_Input records_
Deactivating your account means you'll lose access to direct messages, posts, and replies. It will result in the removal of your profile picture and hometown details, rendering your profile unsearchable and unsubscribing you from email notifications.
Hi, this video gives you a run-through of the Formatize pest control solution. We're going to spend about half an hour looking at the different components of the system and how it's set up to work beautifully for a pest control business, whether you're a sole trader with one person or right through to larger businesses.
--
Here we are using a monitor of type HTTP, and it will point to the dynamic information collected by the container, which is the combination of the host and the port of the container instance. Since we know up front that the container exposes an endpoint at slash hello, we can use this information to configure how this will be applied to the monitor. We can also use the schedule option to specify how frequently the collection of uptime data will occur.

_What needs to be done_
From the listing above, the lines starting with the one that has "Deactivating your account" and running through the one that has "Hi, this video" should be copied exactly, ends included.

_Task answer_
Deactivating your account means you'll lose access to direct messages, posts, and replies. It will result in the removal of your profile picture and hometown details, rendering your profile unsearchable and unsubscribing you from email notifications.
Hi, this video gives you a run-through of the Formatize pest control solution. We're going to spend about half an hour looking at the different components of the system and how it's set up to work beautifully for a pest control business, whether you're a sole trader with one person or right through to larger businesses.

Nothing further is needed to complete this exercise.